Bay Area architects see their affordable housing work as part of a long tradition of progressive culture and urbanism.
That concern can spawn buildings where the aesthetic goal is to fade into the background—as is the case with many San Francisco affordable-housing projects from the 1980s and ’90s. Now, especially in more transitional districts, there’s a desire to make a splash, not just among bureaucrats or architects, but nonprofit developers who often represent a new generation of decision-makers.
One of Baker’s frequent clients is Citizens Housing Corporation, a 16-year-old company that has 23 complexes in the Bay Area with another five on the boards or under construction. Its president, James Buckley, has advanced degrees in planning and architecture from the University of California, Berkeley.
“There’s a split between generations of nonprofit developers,” suggests Baker. “The original idea was ‘let’s fit in at all costs, don’t stick out, don’t let architects victimize the poor with experimental designs.’ Younger project managers [at nonprofits] want to do something interesting.”
For a large block of San Francisco’s Mission District, Citizens Housing hired Daniel Solomon. While the architect is best-known as a cofounder of the Congress for New Urbanism, he and his firm (now WRT/Solomon E.T.C.) have worked on affordable projects dating back to the 1970s.
“It’s so much easier to do good architecture for nonprofit developers than for production builders. You aren’t forced to satisfy a bunch of marketer specifications,” Solomon says.
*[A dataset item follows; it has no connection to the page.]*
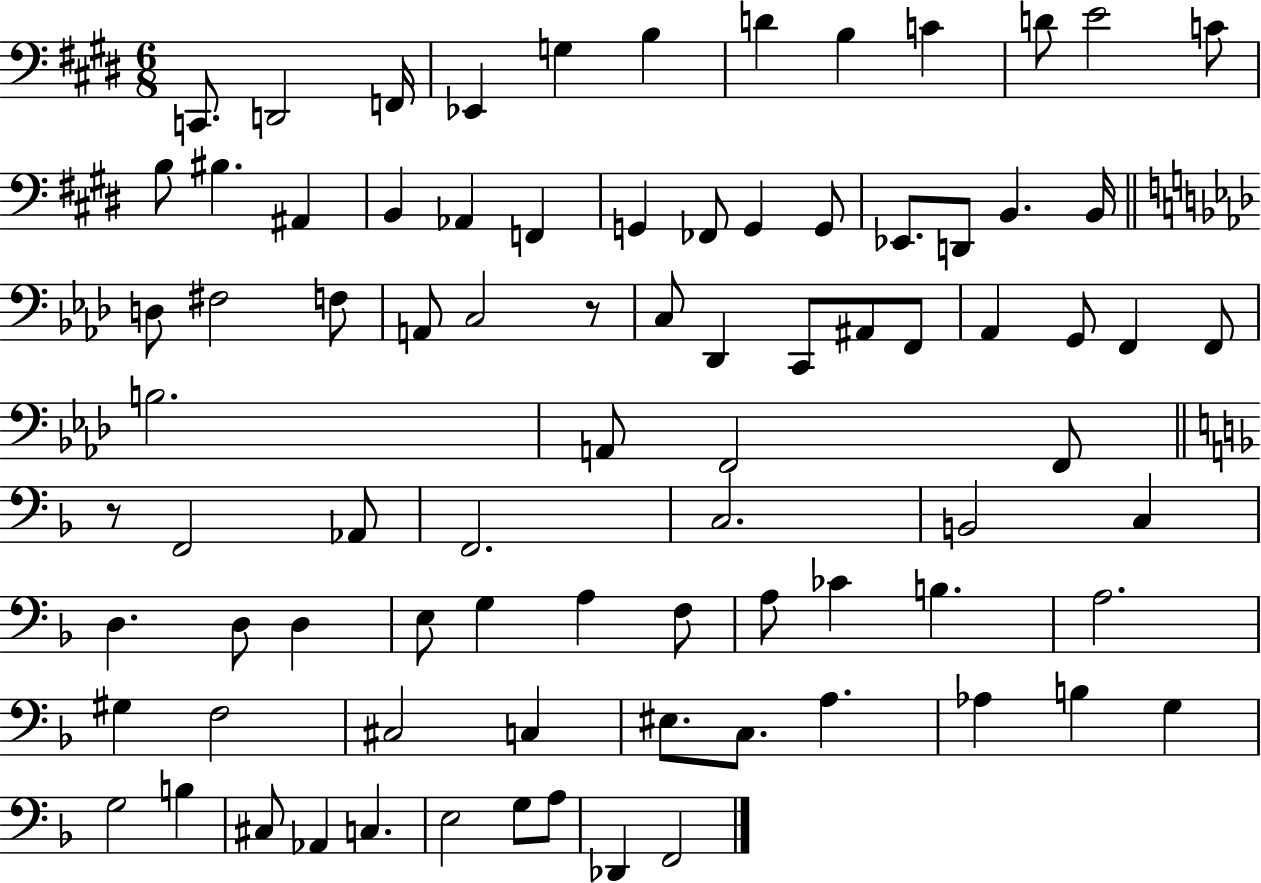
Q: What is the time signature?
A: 6/8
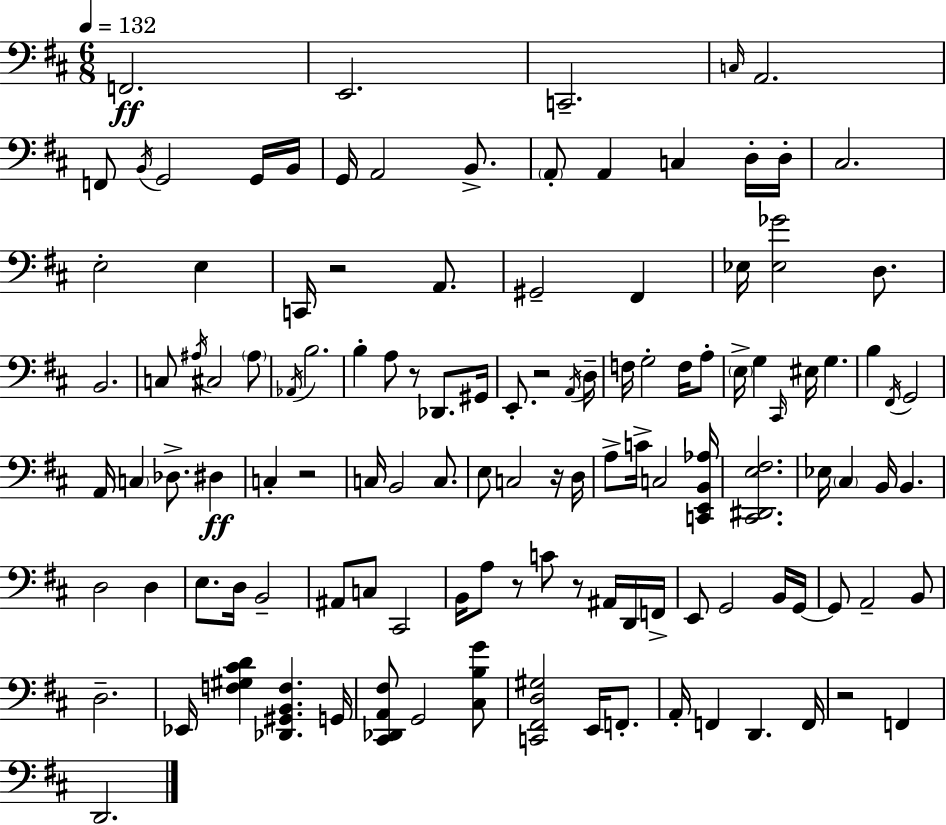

Also: “You’re dealing with decision-makers, rather than layers of organization and committees.”
The Mission District project is called Mosaica, and it’s perched between the district’s heavily Latino residential blocks and a light industrial area that faces gentrification pressures. It opened this winter with for-sale condominiums, family apartments, senior studios, and 12 live/work spaces reserved for light industry or design production, the latter included to soothe critics of the conversion of a former blue-collar site.
Solomon’s architectural response to the jumble of uses was a rhythmic march of large bays and oversize details—such as a two-story-high terrace framed by arches—with a new alley to slice the block in two. The alleyway links Alabama and Florida Streets and is framed by live/work spaces with glass garage-door entrances and passes beneath portals created by third- and fourth-floor apartments.
With the large moves come small touches that bring different populations together. The two-story terrace adds depth to a long wall, but also serves as an enticing common space off a shared laundry room. And a community room is available for use by neighborhood residents as well. “It’s a big, simple building, but it puts together an extremely interesting mix of uses,” Solomon says. “They’ll thrive off each other and reflect what this neighborhood is about.”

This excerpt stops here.